(Collected data)
☆ ☆ ☆ ☆ ☆
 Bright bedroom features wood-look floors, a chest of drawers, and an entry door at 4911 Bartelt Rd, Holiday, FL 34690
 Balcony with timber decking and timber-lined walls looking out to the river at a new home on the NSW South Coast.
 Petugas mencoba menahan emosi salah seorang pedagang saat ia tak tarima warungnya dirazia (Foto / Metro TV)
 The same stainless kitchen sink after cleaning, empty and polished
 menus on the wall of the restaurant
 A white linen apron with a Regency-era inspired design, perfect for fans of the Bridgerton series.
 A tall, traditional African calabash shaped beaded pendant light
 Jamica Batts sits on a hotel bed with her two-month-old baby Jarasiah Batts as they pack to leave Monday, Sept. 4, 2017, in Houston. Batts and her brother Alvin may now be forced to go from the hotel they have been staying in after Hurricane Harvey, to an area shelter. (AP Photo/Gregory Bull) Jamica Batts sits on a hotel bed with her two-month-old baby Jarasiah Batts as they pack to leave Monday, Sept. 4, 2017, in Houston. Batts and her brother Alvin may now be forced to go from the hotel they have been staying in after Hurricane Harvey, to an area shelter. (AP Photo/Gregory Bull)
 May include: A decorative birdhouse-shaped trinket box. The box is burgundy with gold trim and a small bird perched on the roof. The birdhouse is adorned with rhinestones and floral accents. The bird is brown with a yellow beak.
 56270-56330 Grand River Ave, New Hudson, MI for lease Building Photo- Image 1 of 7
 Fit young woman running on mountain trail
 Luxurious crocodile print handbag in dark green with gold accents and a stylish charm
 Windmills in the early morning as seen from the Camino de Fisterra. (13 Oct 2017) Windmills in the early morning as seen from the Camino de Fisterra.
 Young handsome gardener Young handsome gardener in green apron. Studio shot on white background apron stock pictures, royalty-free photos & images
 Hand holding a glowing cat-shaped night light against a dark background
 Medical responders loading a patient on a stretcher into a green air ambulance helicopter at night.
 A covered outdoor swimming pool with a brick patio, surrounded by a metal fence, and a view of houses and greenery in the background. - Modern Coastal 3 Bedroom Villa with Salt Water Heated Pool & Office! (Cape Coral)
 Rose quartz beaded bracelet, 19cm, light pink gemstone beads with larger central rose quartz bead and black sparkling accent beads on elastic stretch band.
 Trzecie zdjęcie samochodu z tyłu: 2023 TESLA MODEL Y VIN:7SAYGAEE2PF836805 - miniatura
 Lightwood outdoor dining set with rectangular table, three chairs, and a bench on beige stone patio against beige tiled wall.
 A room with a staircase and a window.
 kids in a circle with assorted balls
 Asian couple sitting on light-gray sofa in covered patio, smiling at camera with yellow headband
☆ ☆ ☆ ☆ ☆
▸ **Problem**
Quote the records above exactly, from the first line through the line containing "A tall, traditional", and nothing more.

▸ **Task response**
 Bright bedroom features wood-look floors, a chest of drawers, and an entry door at 4911 Bartelt Rd, Holiday, FL 34690
 Balcony with timber decking and timber-lined walls looking out to the river at a new home on the NSW South Coast.
 Petugas mencoba menahan emosi salah seorang pedagang saat ia tak tarima warungnya dirazia (Foto / Metro TV)
 The same stainless kitchen sink after cleaning, empty and polished
 menus on the wall of the restaurant
 A white linen apron with a Regency-era inspired design, perfect for fans of the Bridgerton series.
 A tall, traditional African calabash shaped beaded pendant light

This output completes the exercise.